From 69cbfc05d6f55f513d6517f6b8b485a2f96efe19 Mon Sep 17 00:00:00 2001
From: Guillaume Grosjean <guillaume.grosjean@rte-france.com>
Date: Wed, 8 Jan 2025 11:12:59 +0100
Subject: [PATCH] Modified data loading options and rendering in streamlit demo

---
 .../demos_utils/data_loading_component.py     | 138 ++++++++++--------
 bertrend/parameters.py                        |   4 +-
 2 files changed, 78 insertions(+), 64 deletions(-)

diff --git a/bertrend/demos/demos_utils/data_loading_component.py b/bertrend/demos/demos_utils/data_loading_component.py
index ce43cd8..2796c39 100644
--- a/bertrend/demos/demos_utils/data_loading_component.py
+++ b/bertrend/demos/demos_utils/data_loading_component.py
@@ -100,6 +100,9 @@ def display_data_loading_component():
     split by paragraph from initial documents and in all cases filtered by dates) is stored inside the Streamlit
     state variable "time_filtered_df".
     """
+    # Data loading section
+    st.header("Data loading")
+
     # Find files in the current directory and subdirectories
     tab1, tab2 = st.tabs(
         [
@@ -136,32 +139,7 @@ def display_data_loading_component():
         st.warning(NO_DATASET_WARNING, icon=WARNING_ICON)
         st.stop()
 
-    # Display number input and checkbox for preprocessing options
-    col1, col2 = st.columns(2)
-    with col1:
-        register_widget("min_chars")
-        st.number_input(
-            "Minimum Characters",
-            value=MIN_CHARS_DEFAULT,
-            min_value=0,
-            max_value=1000,
-            key="min_chars",
-            on_change=save_widget_state,
-        )
-    with col2:
-        register_widget("split_by_paragraph")
-        SessionStateManager.get_or_set("split_by_paragraph", "yes")
-        st.segmented_control(
-            "Split text by paragraphs",
-            key="split_by_paragraph",
-            options=["no", "yes", "enhanced"],
-            selection_mode="single",
-            help="'No split': No splitting on the documents ; 'Split by paragraphs': Split documents into paragraphs ; "

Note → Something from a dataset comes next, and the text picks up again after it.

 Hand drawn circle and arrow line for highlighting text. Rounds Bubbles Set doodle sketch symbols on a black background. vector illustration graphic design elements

-            "'Enhanced split': uses a more advanced but slower method for splitting that considers the embedding "
-            "model's maximum input length.",
-            on_change=save_widget_state,
-        )
-    # Load and preprocess each selected file, then concatenate them
+    # Load each selected file, then concatenate them
     # Priority to local data if both are set
     dfs = None
     if SessionStateManager.get("uploaded_files"):
@@ -172,18 +150,65 @@ def display_data_loading_component():
         dfs = _load_files(
             SessionStateManager.get("selected_files"),
         )
-
+    # Check if DataFrames have been found
     if not dfs:
         st.warning(
             NO_DATA_AFTER_PREPROCESSING_MESSAGE,
             icon=WARNING_ICON,
         )
     else:
+        # Concatenate DataFrames
         df = pd.concat(dfs, ignore_index=True)
 
         # Save state of initial DF (before split and data selection)

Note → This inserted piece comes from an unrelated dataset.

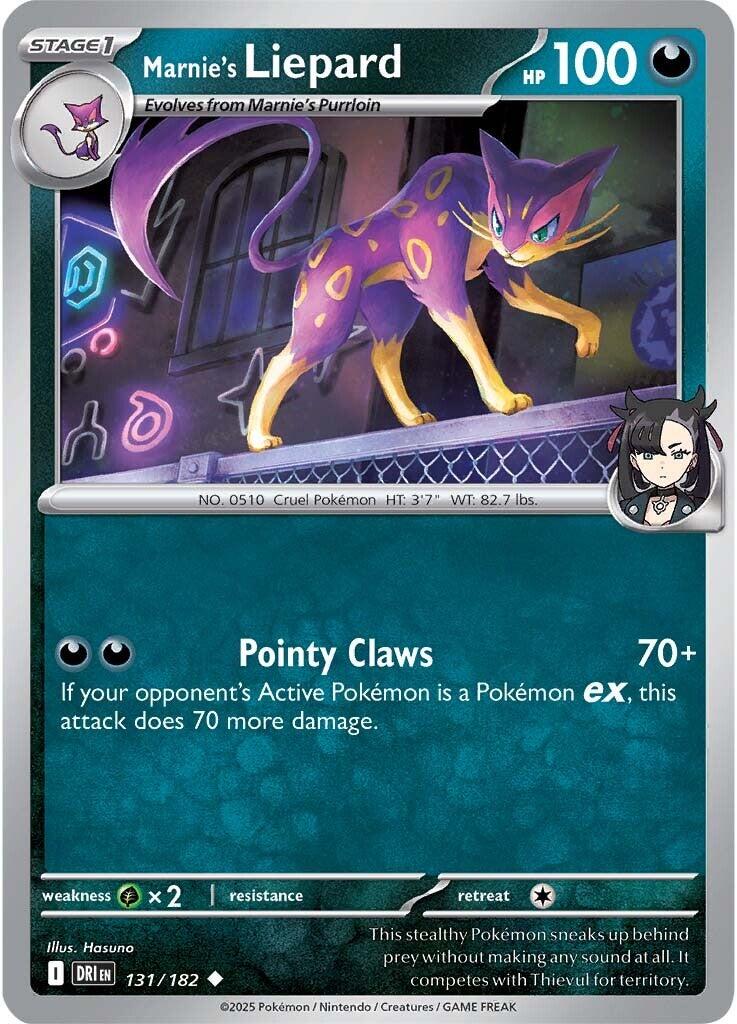 Marnie's Liepard (131/182) [Scarlet & Violet: Destined Rivals] | Deep Dive Games St. Marys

         st.session_state["initial_df"] = df.copy()
 
+        # Show raw data info
+        st.write(
+            f"Number of documents in raw data: **{len(st.session_state['initial_df'])}**"
+        )
+
+        # Data filtering section
+        st.header("Data filtering")
+
+        # Display number input and checkbox for preprocessing options
+        col1, col2, col3 = st.columns(3)
+        with col1:
+            register_widget("min_chars")
+            st.number_input(
+                "Minimum Characters",
+                value=MIN_CHARS_DEFAULT,
+                min_value=0,
+                max_value=1000,
+                key="min_chars",
+                on_change=save_widget_state,
+                help="Minimum number of characters each document must contain.",
+            )
+        with col2:
+            register_widget("sample_size")
+            sample_size = st.number_input(
+                "Sample ratio",
+                value=SAMPLE_SIZE_DEFAULT,
+                min_value=0.0,
+                max_value=1.0,
+                key="sample_size",
+                on_change=save_widget_state,
+                help="Fraction of raw data to use for computing topics. Randomly samples documents from raw data.",
+            )
+        with col3:
+            register_widget("split_by_paragraph")
+            SessionStateManager.get_or_set("split_by_paragraph", "no")
+            st.segmented_control(
+                "Split text by paragraphs",
+                key="split_by_paragraph",
+                options=["no", "yes", "enhanced"],
+                selection_mode="single",
+                help="'No split': No splitting on the documents ; 'Split by paragraphs': Split documents into paragraphs ; "
+                "'Enhanced split': uses a more advanced but slower method for splitting that considers the embedding "
+                "model's maximum input length.",
+                on_change=save_widget_state,
+            )
+
         df = split_data(
             df,
             SessionStateManager.get("min_chars"),
@@ -197,42 +222,31 @@ def display_data_loading_component():
         # Save state of split dataframe (before time-based filtering)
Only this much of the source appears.